What’s happening at building energy management startup SCIenergy? Last week, the company’s board of directors replaced CEO Russ McMeekin, who led the company through last year’s acquisition of energy services company Servidyne and this year’s purchase of efficiency financing startup Transcend Equity, with Steve Gossett Jr. of Transcend Equity.

The move comes one year after a very public lawsuit pitting McMeekin against company founder John Pitcher and members of his original software team, who left last summer to join rival firm Serious Energy.

It also comes amidst anonymous reports that the San Francisco-based startup is struggling to get and retain customers for its core software product. One source said that the firm has laid off about 55 people in the past month, and may be close to tapping out the roughly $50 million it has raised from venture capital investors.

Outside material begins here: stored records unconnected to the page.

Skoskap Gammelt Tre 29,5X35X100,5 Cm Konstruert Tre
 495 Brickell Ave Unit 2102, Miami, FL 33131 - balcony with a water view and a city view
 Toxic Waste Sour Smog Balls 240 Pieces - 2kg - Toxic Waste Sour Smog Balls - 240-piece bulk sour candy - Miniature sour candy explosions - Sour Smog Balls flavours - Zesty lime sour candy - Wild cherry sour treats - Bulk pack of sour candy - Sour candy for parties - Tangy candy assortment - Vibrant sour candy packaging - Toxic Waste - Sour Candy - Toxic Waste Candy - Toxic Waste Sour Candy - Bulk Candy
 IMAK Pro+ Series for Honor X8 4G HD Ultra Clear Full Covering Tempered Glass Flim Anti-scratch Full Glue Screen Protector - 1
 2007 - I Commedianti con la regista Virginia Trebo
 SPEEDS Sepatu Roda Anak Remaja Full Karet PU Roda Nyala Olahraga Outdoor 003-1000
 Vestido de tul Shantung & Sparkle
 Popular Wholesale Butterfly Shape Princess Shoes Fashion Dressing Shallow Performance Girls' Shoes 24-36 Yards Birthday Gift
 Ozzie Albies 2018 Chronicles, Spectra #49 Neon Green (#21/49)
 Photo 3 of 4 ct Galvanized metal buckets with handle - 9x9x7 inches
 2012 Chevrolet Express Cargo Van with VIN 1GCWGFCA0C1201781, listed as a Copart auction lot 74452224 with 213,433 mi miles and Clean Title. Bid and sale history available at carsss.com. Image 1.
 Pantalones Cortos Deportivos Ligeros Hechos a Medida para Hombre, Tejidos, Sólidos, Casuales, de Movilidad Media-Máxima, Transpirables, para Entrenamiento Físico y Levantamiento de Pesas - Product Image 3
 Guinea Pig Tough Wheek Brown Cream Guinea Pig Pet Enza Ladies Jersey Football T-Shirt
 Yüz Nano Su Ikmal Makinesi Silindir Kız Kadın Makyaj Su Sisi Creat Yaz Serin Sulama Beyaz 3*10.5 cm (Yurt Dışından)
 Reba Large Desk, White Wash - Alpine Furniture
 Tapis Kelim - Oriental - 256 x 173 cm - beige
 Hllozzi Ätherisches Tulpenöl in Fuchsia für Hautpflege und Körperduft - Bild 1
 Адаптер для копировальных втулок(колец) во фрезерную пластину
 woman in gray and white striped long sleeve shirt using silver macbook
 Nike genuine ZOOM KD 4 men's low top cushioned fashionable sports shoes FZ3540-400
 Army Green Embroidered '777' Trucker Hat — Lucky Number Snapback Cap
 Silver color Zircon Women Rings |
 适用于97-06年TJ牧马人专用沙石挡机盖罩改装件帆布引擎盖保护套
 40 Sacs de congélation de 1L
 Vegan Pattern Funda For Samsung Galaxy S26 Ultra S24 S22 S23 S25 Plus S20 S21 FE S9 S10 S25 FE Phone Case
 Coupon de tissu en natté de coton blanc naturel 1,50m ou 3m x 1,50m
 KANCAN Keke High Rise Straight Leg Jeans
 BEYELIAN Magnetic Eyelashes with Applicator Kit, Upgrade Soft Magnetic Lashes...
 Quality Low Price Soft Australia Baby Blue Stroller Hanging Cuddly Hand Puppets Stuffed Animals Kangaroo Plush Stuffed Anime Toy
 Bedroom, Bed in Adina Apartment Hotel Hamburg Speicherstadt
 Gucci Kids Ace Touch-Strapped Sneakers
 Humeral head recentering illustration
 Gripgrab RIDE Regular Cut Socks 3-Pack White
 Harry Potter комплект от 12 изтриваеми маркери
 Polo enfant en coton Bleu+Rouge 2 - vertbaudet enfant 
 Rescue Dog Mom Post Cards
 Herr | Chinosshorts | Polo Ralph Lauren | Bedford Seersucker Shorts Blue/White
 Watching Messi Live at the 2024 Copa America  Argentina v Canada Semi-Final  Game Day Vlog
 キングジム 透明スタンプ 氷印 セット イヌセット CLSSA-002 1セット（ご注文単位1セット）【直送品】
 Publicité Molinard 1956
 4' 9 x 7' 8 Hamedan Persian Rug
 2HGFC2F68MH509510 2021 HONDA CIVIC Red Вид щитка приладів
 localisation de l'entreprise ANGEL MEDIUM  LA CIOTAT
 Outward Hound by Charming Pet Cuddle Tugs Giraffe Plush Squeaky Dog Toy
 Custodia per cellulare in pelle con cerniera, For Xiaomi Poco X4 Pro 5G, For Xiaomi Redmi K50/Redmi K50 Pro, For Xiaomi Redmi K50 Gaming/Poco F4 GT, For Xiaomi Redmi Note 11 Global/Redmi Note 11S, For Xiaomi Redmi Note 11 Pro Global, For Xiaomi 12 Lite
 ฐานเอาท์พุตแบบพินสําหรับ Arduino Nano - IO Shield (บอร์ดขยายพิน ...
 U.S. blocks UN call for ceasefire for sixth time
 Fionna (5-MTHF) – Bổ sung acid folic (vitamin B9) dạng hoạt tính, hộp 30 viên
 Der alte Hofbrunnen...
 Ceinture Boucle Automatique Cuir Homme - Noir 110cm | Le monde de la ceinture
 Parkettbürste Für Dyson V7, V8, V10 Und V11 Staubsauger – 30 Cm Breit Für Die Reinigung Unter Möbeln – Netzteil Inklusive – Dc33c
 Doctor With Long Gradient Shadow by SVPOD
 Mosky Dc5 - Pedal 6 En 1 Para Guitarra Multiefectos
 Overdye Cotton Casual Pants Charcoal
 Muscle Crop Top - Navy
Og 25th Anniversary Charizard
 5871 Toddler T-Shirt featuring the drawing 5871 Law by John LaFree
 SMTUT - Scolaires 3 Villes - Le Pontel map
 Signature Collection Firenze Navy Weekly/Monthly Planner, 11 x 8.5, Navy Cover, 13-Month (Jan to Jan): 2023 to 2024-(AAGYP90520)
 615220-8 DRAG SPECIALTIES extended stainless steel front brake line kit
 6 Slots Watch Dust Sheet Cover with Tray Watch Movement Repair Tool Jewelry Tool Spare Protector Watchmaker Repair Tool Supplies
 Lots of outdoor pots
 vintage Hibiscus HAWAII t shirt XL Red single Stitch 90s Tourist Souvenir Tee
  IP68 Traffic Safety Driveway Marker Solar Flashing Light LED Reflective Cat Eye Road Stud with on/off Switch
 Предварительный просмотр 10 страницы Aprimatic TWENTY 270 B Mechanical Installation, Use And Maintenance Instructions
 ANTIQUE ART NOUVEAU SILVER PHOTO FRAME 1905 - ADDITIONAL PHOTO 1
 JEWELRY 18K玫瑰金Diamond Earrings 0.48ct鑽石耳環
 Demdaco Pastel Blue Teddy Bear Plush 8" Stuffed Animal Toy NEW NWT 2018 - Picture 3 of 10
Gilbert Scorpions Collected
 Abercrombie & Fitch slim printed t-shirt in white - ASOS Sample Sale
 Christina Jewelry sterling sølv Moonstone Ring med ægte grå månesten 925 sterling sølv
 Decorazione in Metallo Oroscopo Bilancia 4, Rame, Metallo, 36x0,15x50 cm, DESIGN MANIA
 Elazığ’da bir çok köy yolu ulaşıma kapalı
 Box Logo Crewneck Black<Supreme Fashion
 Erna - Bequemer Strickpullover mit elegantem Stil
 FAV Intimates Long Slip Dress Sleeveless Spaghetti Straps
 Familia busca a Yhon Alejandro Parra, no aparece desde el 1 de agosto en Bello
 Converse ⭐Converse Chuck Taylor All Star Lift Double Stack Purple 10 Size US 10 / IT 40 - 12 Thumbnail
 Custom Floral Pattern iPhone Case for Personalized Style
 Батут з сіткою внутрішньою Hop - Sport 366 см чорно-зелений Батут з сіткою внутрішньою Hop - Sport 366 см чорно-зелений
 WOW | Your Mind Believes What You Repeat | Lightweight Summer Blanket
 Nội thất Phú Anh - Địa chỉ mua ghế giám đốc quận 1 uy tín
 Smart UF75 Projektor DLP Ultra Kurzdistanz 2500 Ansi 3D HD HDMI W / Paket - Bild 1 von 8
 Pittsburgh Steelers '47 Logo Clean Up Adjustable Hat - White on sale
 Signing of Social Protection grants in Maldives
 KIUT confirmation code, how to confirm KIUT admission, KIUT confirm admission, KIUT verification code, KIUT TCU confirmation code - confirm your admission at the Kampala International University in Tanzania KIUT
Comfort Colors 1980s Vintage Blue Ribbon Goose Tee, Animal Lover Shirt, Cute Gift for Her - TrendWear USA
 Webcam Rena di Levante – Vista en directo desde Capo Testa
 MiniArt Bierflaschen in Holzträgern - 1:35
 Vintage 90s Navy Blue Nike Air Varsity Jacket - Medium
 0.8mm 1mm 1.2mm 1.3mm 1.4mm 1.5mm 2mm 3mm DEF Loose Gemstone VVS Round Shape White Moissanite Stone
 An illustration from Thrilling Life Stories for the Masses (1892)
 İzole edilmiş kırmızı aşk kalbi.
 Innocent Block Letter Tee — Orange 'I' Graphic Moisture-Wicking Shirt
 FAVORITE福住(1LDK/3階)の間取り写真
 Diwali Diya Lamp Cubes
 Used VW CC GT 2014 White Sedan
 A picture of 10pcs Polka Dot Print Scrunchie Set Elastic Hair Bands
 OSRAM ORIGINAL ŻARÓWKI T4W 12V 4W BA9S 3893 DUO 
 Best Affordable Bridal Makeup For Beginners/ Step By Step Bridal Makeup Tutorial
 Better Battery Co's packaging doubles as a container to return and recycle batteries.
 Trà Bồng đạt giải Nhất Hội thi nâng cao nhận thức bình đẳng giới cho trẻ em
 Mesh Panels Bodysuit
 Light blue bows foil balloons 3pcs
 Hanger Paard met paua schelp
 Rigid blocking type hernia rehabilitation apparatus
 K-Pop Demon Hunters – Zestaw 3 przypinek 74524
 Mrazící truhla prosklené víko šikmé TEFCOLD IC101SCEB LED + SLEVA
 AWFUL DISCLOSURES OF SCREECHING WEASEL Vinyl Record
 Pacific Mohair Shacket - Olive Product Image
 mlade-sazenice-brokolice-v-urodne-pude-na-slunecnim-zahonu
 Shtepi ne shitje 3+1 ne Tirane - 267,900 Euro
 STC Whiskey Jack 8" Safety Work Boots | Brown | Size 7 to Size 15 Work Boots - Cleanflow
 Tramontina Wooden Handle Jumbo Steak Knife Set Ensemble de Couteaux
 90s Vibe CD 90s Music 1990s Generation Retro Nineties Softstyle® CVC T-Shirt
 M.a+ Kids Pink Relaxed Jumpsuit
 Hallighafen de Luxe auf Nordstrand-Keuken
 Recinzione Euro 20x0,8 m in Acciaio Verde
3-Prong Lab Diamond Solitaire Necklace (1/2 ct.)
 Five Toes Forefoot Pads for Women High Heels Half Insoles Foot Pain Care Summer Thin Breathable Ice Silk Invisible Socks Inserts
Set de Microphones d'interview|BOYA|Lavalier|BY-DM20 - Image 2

Gossett Jr., who has brought in a new executive team, including his father Stephen Gossett as COO, confirmed in a Friday interview that the company did recently downsize its workforce, though as part of an integration of SCIenergy’s software business, Servidyne’s building auditing and retrofitting business and Transcend’s novel efficiency project financing, rather than as a result of running short on money. The company had about 160 employees as of last year.

As for how much of the company’s $50 million remains, Gossett Jr. wouldn’t provide specific details, but said in a Friday interview that the startup has “more than enough capital to meet our financial needs, and our investors are committed long-term to the business."

“This business has a great idea, and has always had a tremendous amount of vision,” he said. “What’s been at issue with SCIenergy, and the other companies like it -- well, I won’t say 'like it,' because there’s nothing exactly like it -- is that this industry has been long on vision and short on execution.”

Gossett Jr. said he intends to change that, with the goal to land paying deals for the company’s software, as well as for its Servidyne and Transcend lines of business. The longer-term goal is to integrate the three, and go to market with mid-level, regional contractors, installers and other boots-on-the-ground channels to market. Upcoming announcements include a utility test of SCIenergy’s platform to lure building owners into efficiency programs, as well as ongoing work with pilot customers such as General Electric, which is also a strategic investor.

Specifically, he contrasted SCIenergy’s position from that of the collapse of Serious Energy, a rival VC-backed startup which announced in April that it was abandoning its building energy software and project financing lines of business to focus on its initial business of building drywall and windows.

A Promising Concept

Now the question is, how will the startup grow the pilot project stage of its first rollouts, which required a high level of manual support to keep its data-intensive software running, to grow to commercial scale?

That’s still very much the plan for SCIenergy, by the way. Some sources speculated that Gossett Jr.’s ascendance as CEO meant that the company would fall back on the energy services of Servidyne and the efficiency project financing of Transcend.

But according to Gossett Jr., “Our cloud-based solutions remain the core focus of the business.” That includes SCIwatch, the name for the fault detection and continuous commissioning software that comes from Scientific Conservation, the startup founded by John Pitcher in 2007 with complex technology that essentially creates a living, growing model of a building and how it uses energy.

SCIenergy has raised roughly $50 million from investors, including a $5 million round in 2010 and separate rounds of $19 million and of $9.6 million in 2011, to bring that technology to commercial scale. Investors include venture capital firms Draper Fisher Jurvetson, Westly Group and Triangle Peak Partners, as well as GE Energy and Intel Capital, which announced last year that they would test the startup’s software in real estate and data center environments, respectively. (On the outflow side, SCI paid $12.5 million for Servidyne, which was a publicly traded company at the time, and didn’t disclose the price it paid for Transcend.)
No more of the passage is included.